Purging index between JATE calls #32

eltimster · 2016-10-24T22:26:11Z

I am trying to run JATE on different corpora, but found that it seems to incrementally add to the SOLR index when it indexes a new corpus, meaning I get terms from not just the corpus of interest, but the union of all corpora processed to that point. My solution to the problem has been to rm purge files from the relevant data/index file, but this is now causing an exception:

`2016-10-25 09:24:04 INFO  AppCValue:328 - Indexing corpus from [docs/english] and perform candidate extraction ...

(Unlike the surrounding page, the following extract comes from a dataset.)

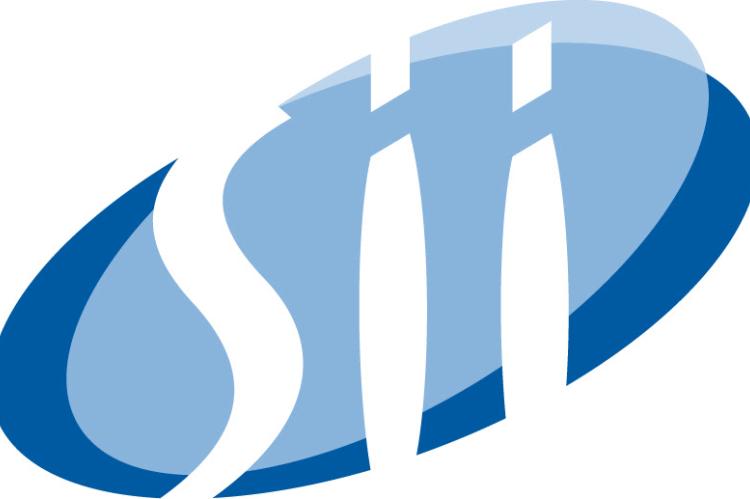 SII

2016-10-25 09:24:05 INFO  AppCValue:331 -  [151996] files are scanned and will be indexed and analysed.
Tue Oct 25 09:24:08 AEDT 2016 loading exception data for lemmatiser...

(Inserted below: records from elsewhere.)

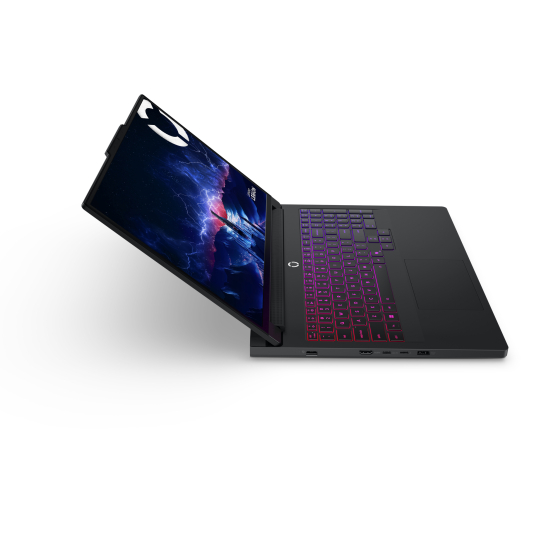 Laptop Lenovo Legion Pro 7 16IA 83F5005DPB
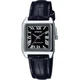 Наручний годинник CASIO LTP-V007L-1BUDF - изображение 1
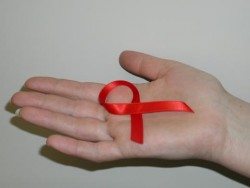 Послание на ТПГ “Стамен Панче” по повод Световния ден за борба със СПИН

Tue Oct 25 09:24:08 AEDT 2016 loading exception data for lemmatiser...
Tue Oct 25 09:24:08 AEDT 2016 loading exception data for lemmatiser...
Tue Oct 25 09:24:08 AEDT 2016 loading done
Tue Oct 25 09:24:08 AEDT 2016 loading done
Tue Oct 25 09:24:08 AEDT 2016 loading done
Tue Oct 25 09:24:09 AEDT 2016 loading exception data for lemmatiser...
Tue Oct 25 09:24:09 AEDT 2016 loading exception data for lemmatiser...
Tue Oct 25 09:24:09 AEDT 2016 loading done
Tue Oct 25 09:24:09 AEDT 2016 loading done
2016-10-25 09:24:09 ERROR SolrCore:525 - [jateCore] Solr index directory '/home/tim/forum-style/jate-2.0-beta.1/testdata/solr-testbed/jateCore/data/index/' is locked.  Throwing exception.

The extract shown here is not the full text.